WORK INSTRUCTION. What needs reproducing is the run of lines in the data below starting at the line with "Lizard - Unisex Sweatshirt - salt & pepper" and ending at the line with "Thumbnail 3 in", both ends included. Copy it exactly, without pictures, and add nothing.

MATERIALS PROVIDED.
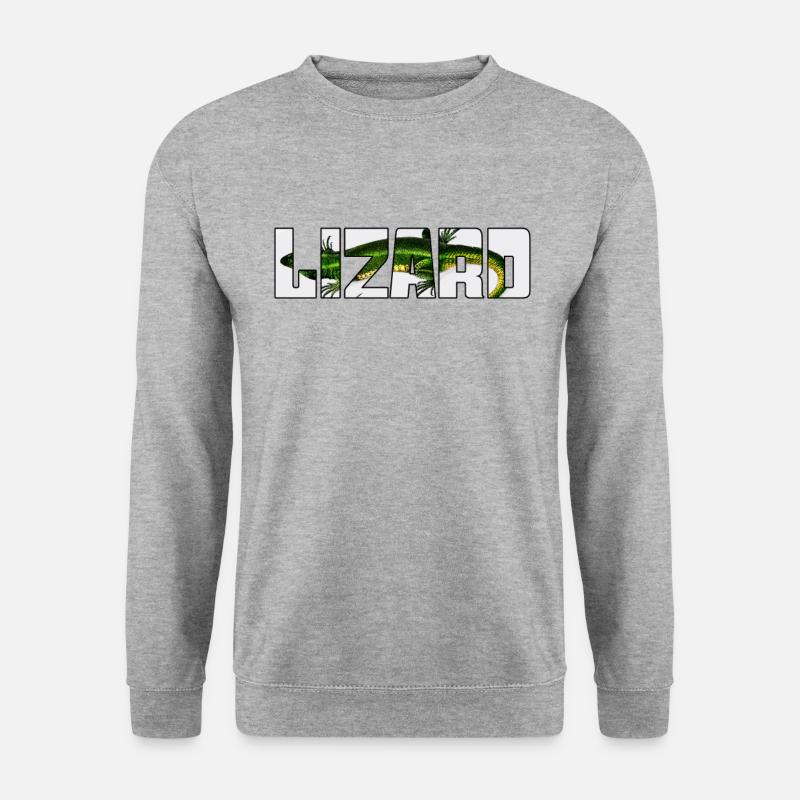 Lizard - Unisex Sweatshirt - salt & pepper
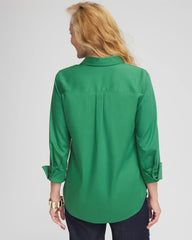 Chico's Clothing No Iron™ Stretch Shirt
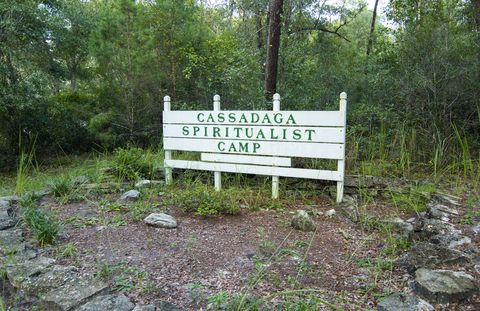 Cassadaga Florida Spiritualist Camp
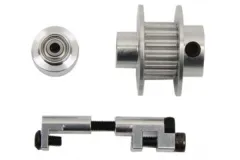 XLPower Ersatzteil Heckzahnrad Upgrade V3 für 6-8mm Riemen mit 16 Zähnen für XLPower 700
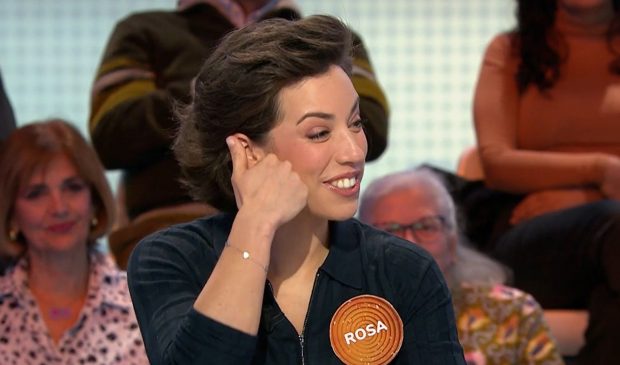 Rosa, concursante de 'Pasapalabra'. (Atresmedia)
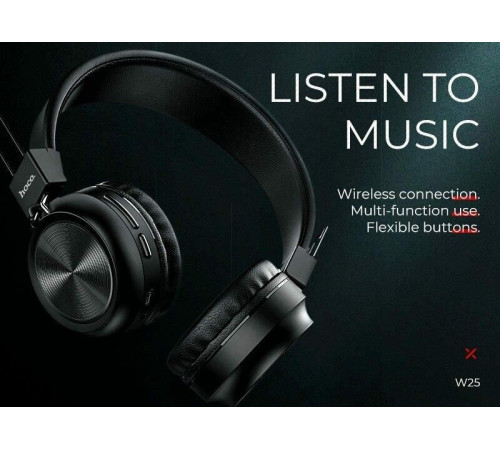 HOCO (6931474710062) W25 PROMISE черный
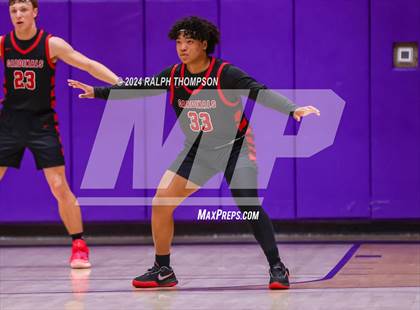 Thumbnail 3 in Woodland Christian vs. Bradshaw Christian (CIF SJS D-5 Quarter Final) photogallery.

* * *

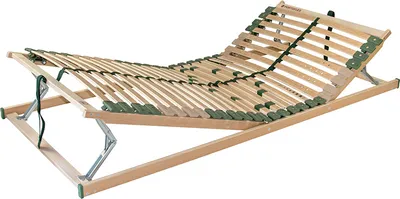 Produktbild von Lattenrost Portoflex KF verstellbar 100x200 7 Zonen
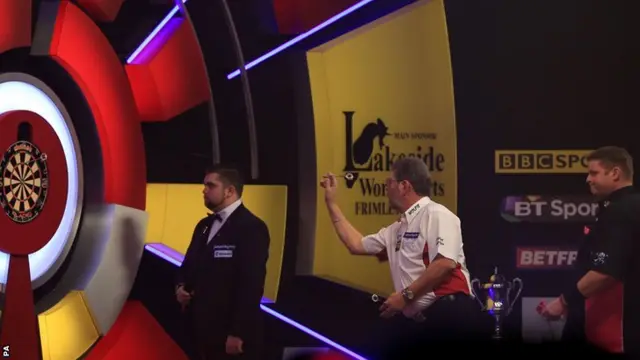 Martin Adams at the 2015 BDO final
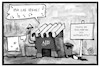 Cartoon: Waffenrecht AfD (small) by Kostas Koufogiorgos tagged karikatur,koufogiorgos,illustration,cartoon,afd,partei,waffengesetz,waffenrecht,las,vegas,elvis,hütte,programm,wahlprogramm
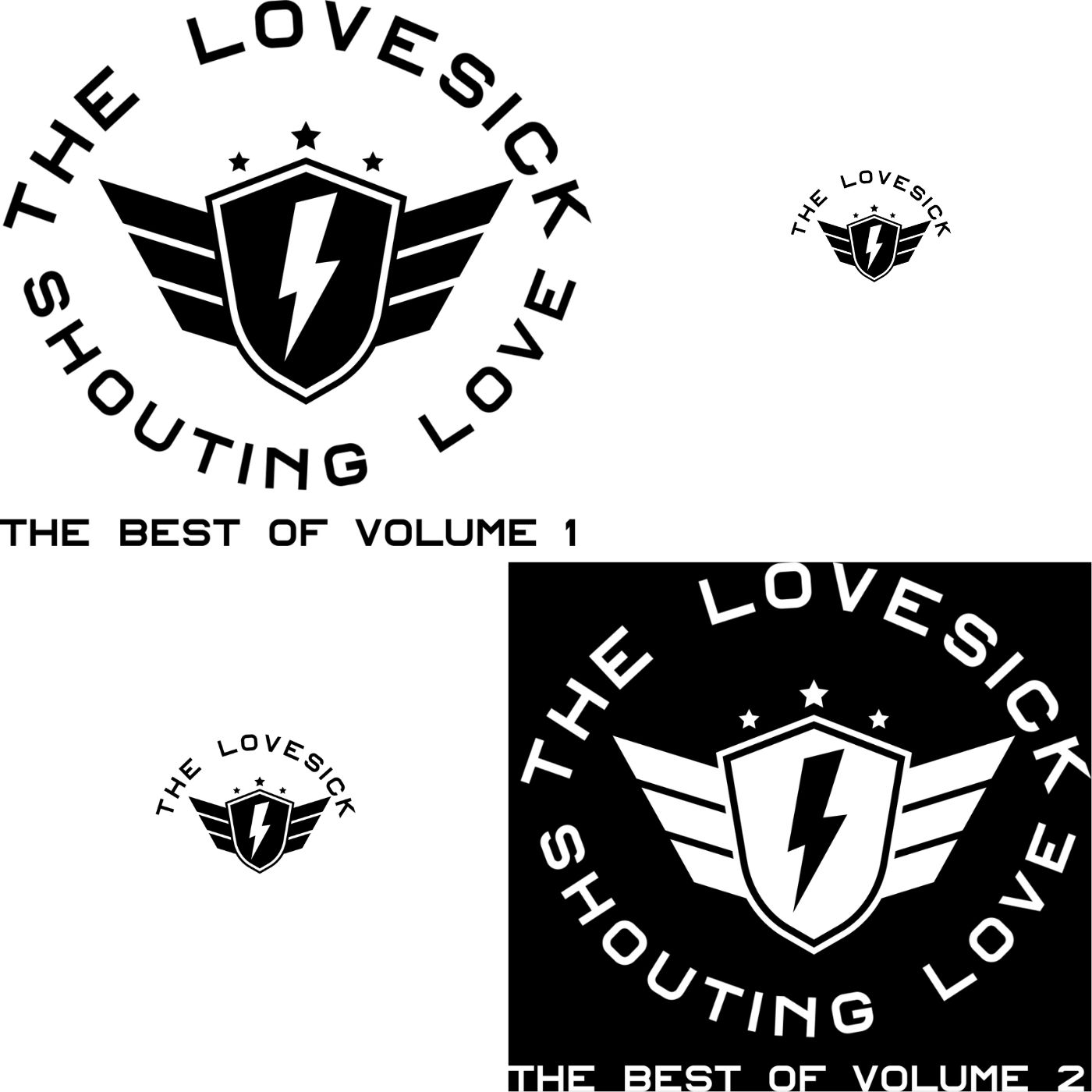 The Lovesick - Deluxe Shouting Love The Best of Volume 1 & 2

--

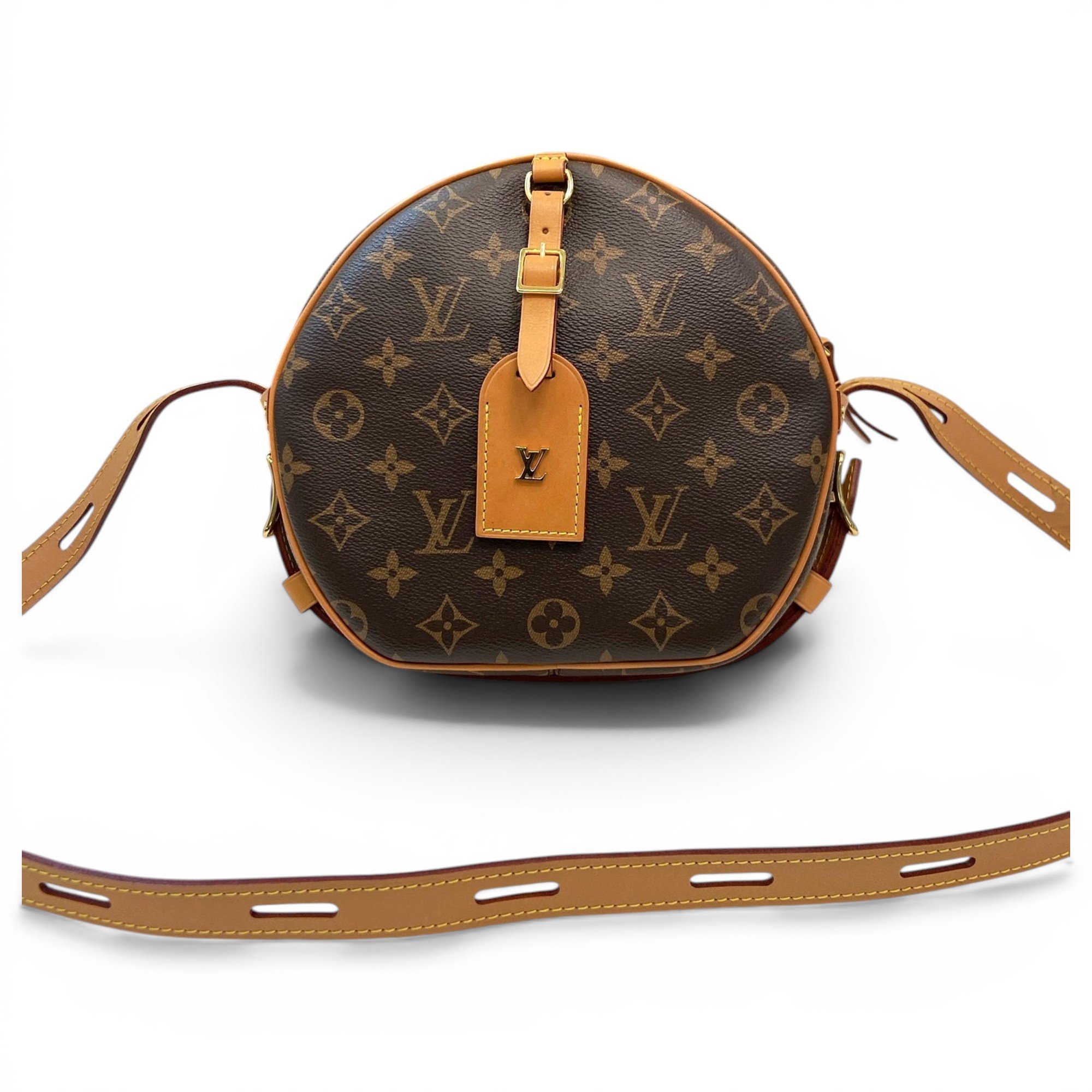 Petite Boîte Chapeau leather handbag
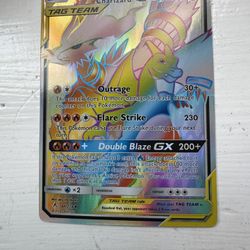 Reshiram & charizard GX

FINISHED EXERCISE.
 Lizard - Unisex Sweatshirt - salt & pepper
 Chico's Clothing No Iron™ Stretch Shirt
 Cassadaga Florida Spiritualist Camp
 XLPower Ersatzteil Heckzahnrad Upgrade V3 für 6-8mm Riemen mit 16 Zähnen für XLPower 700
 Rosa, concursante de 'Pasapalabra'. (Atresmedia)
 HOCO (6931474710062) W25 PROMISE черный
 Thumbnail 3 in Woodland Christian vs. Bradshaw Christian (CIF SJS D-5 Quarter Final) photogallery.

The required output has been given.